The 43rd President of the United States, George W. Bush, will loose the dogs of war upon the world in a few days. The outcome of the immediate battle is not in doubt. Most Iraqi regulars will surrender rather than risk their lives to defend the brutal dictator of Iraq, and only the Republican Guard, Hussein's elite force, will offer much resistance to the invading U.S. and British forces. One suspects that within a few weeks organized resistance will cease, and the allies will take control of the country. The real battle of Gulf War II will only begin after the last shot is fired in the invasion, and the occupation begins.

In the aftermath of Gulf War I, the 41st President of the United States, George H. W. Bush, made a strategic decision to retain military bases in Saudi Arabia that had been installed as part of the campaign to remove Hussein, a former ally, from Kuwait.
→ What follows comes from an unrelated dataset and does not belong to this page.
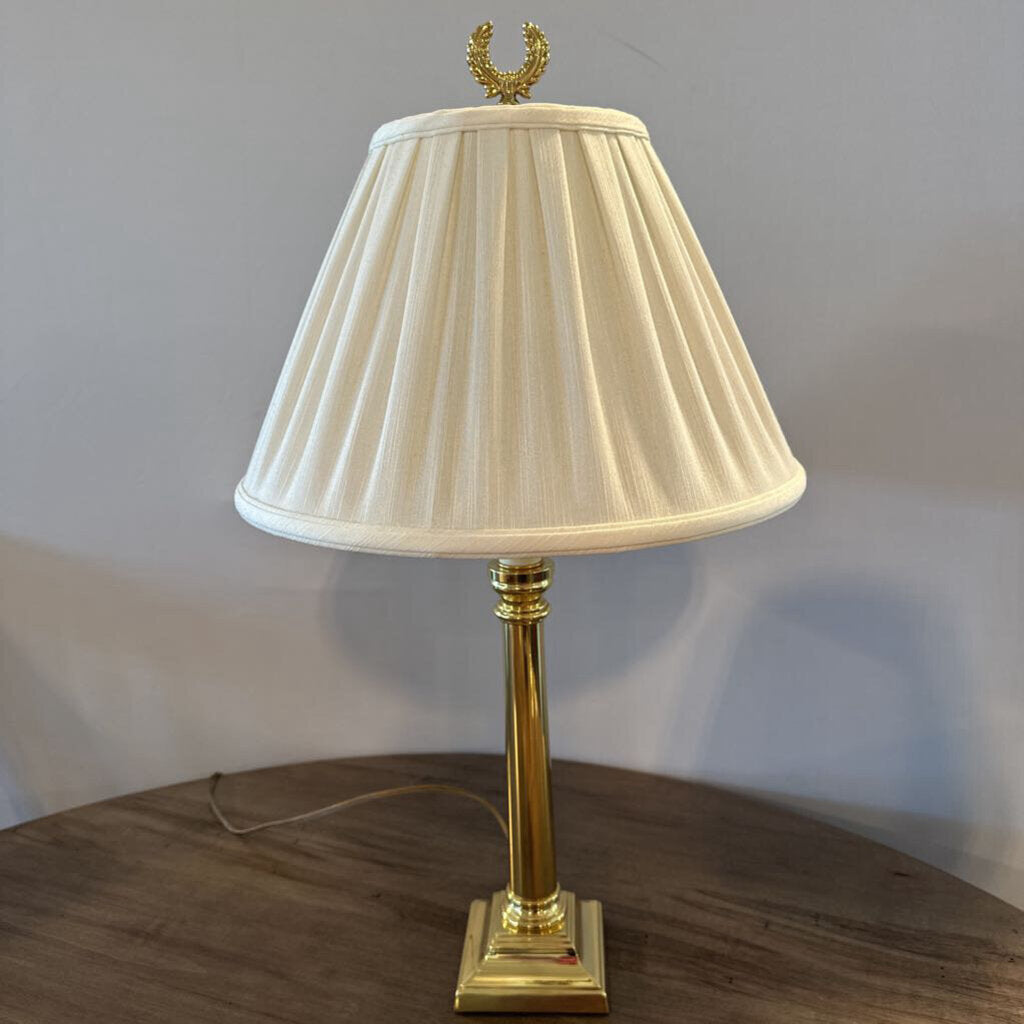 Brass Lamp W/ Cream Shade- Pair-8X20.5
In doing so, the United States was thought to have been fortunate to obtain an important military foothold in the heart of the Arab world. Through the installation of these bases, the Royal Family of Saudi Arabia was made infinitely more secure from any challenge to its reign especially from outside of the Arabian Peninsula, from ex-patriots breast-fed with the venomous milk of Wahhabi extremism, recently victorious in their holy war to drive the former Soviet Union out of Afghanistan. With the retention of these bases in Saudi Arabia, the United States found itself on the radar screen of another former ally, Osama Bin Laden and, hence, well on the way to the events of 9/11.

The problem with military campaigns like Gulf War I, and Dubya's current campaign for regime change in Iraq, is that the aftermath can last a lot longer than the time it took to fight the original war - and we Americans have very short attention spans.